There is very little to support this claim (concerning the word; the dish is a different matter).


----------



## apmoy70

Abaye said:


> But it seems that baklava is not of Turkish origin, it was adopted by Ottoman Turkish from some other language.
> Luckily for us, Hebrew speakers, there's no doubt: we borrowed baklawa from Arabic.


Every culture in the region has or had in the past, similar dishes, the Byzantines had a similar dessert called πλακοῦς, probably a traditional Roman dish called placenta, made of layers of super thin phyllo pastry shaped into a pocket, stuffed with fruits or cereal dipped in honey, the Arabs have their own version, .... Modern baklava is the fusion of all the specific recipies ...

*Moderator note: Post edited after split of thread.*


----------



## Apollodorus

apmoy70 said:


> probably a traditional Roman dish called placenta, made of layers of super thin phyllo pastry shaped into a pocket, stuffed with fruits or cereal dipped in honey, the Arabs have their own version, .... Modern baklava is the fusion of all the specific recipies ...
> 
> *Moderator note: Post edited after split of thread.*



According to Wikipedia, the Latin word _placenta_ is derived from the Greek _plakous_ (Ancient Greek: πλακοῦς, gen. πλακοῦντος – _plakountos_, from πλακόεις - _plakoeis_, "flat") for thin or layered flat breads.

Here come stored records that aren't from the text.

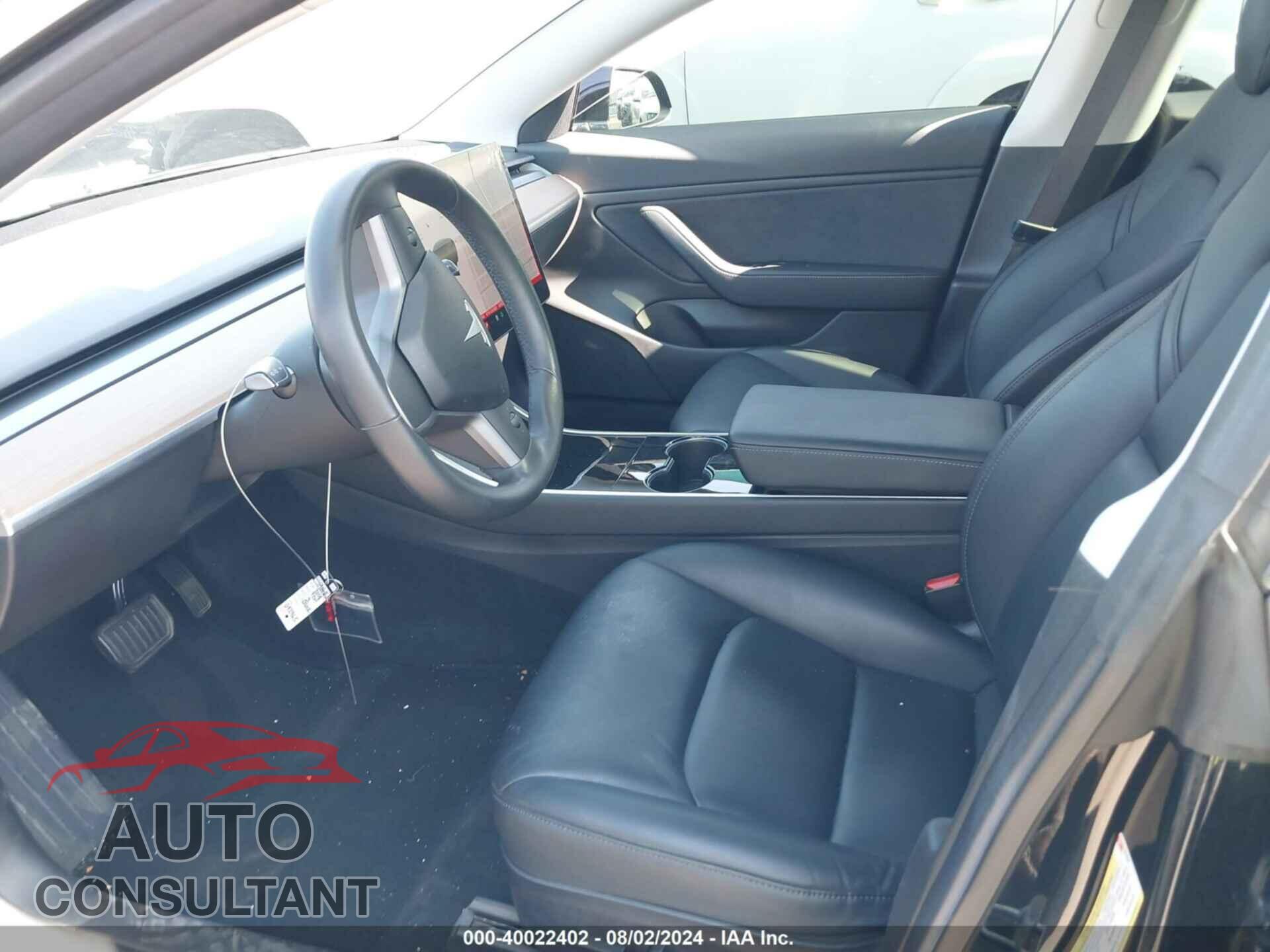 TESLA MODEL 3 2018 - 5YJ3E1EB3JF092965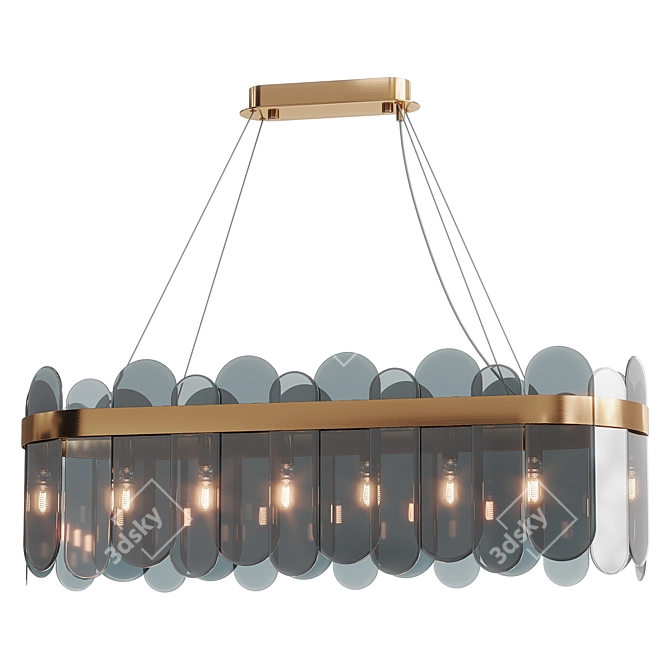 Avellino Pendant Lamp by Visconte 3D model image 1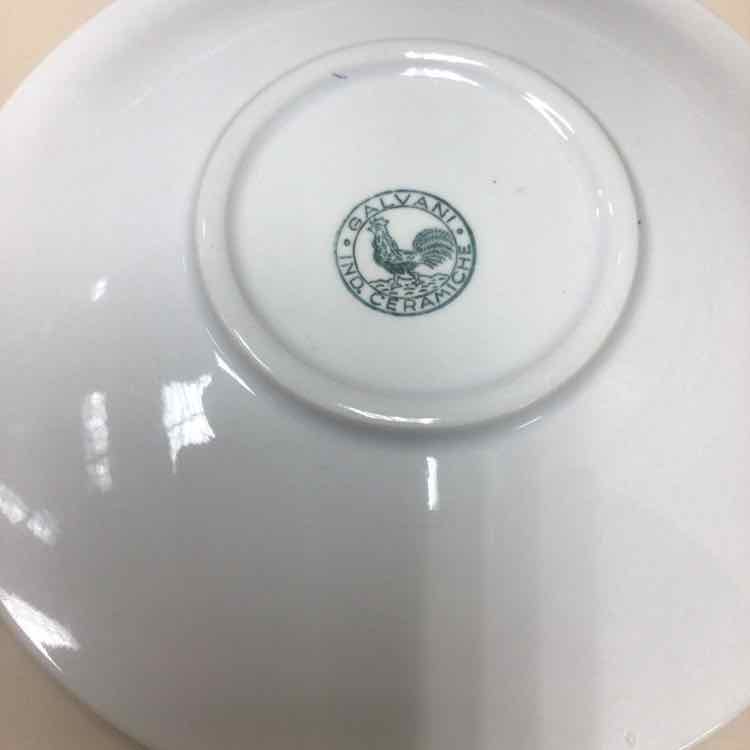 3 MULTICOLOR LEAF PLATES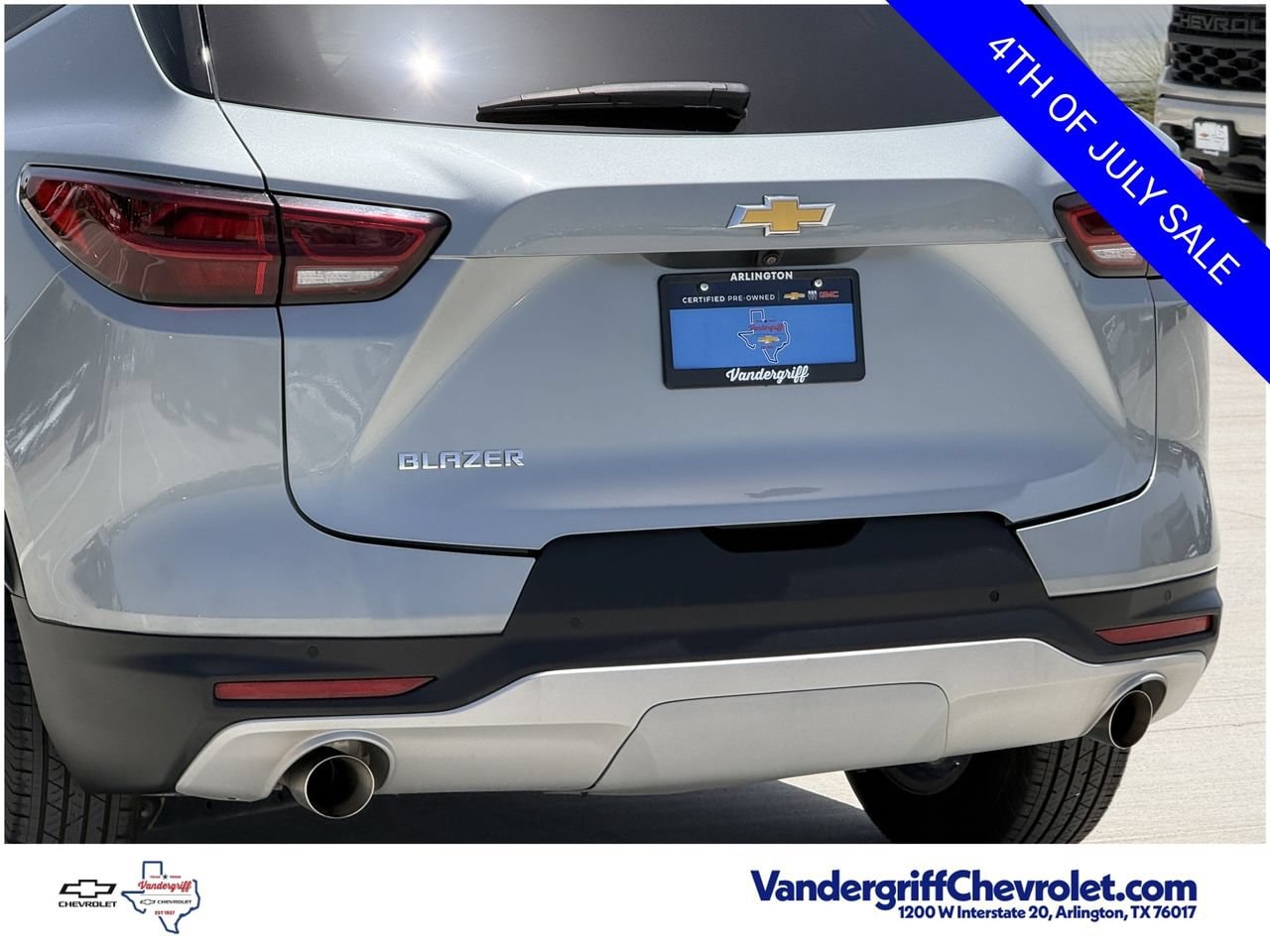 2024 Chevrolet Blazer 2LT - Photo 6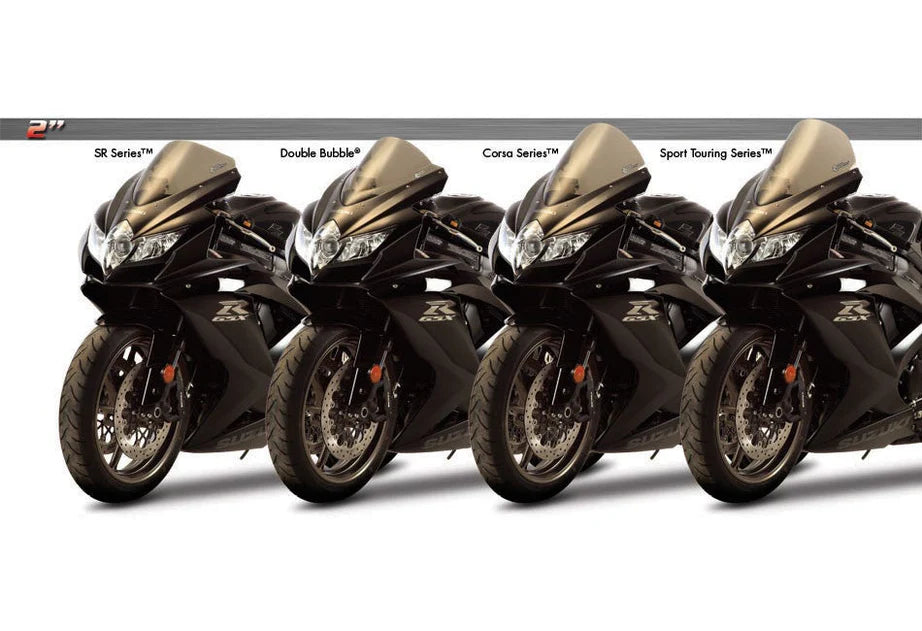 ZERO GRAVITY RACING SUZUKI GSXR 600/750 2008-2010 WINDSCREEN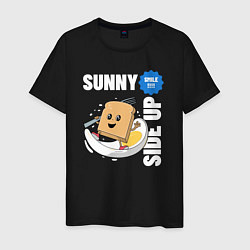 Мужская футболка Sunny side up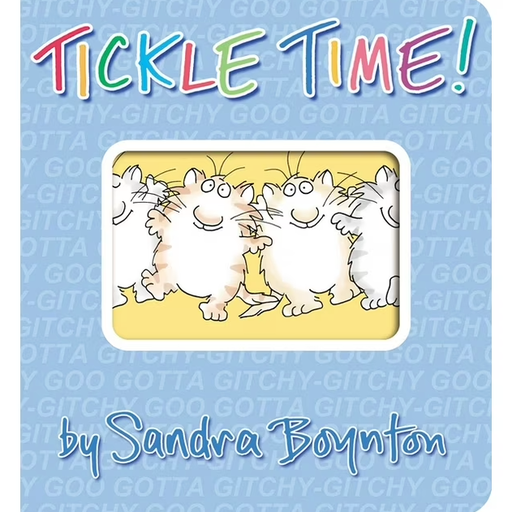 Simon & Schuster Tickle Time!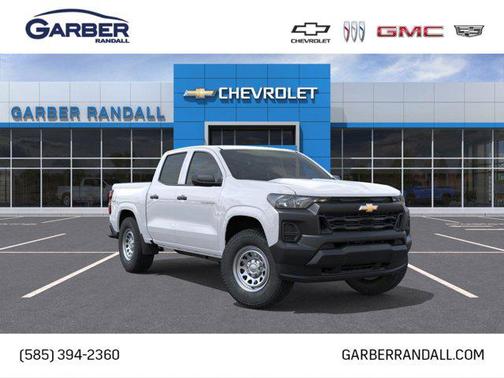 2026 Chevrolet Colorado WT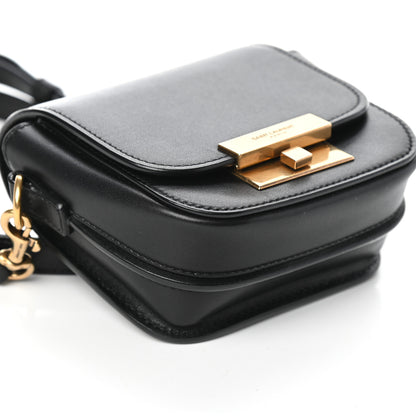 Saint Laurent Calfskin Mini Betty Satchel Black 7 of 8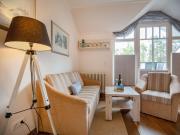Dünenpark Binz - Komfort Ferienwohnung mit 1 Schlafzimmer und Balkon im Dachgeschoss 283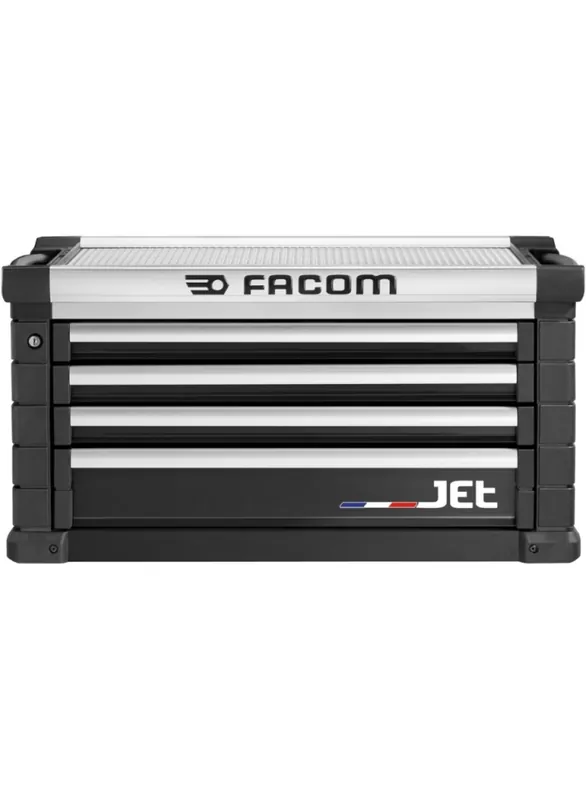 Facom JET.C4NM4A JET TOPCASE 4 TIROIRS M4 NOIR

_plakous_ as a dessert (or second table delicacy) is mentioned in the poems of Archestratos who describes _plakous_ as served with nuts and dried fruits and commends the honey-drenched Athenian version of _plakous _

Placenta cake - Wikipedia

So, the Roman dish seems to have been borrowed from the Greeks along with its name. 

The Greeks themselves could have borrowed it from the Persians.


----------



## SparkInTheDark

RealityCheck4you said:


> Baklava is Turkish, not Greek. You just adopted it from the Turks.





RealityCheck4you said:


> Wrong. Baklava is Turkish and so is the word. Arabs took the word and food from the Turkish.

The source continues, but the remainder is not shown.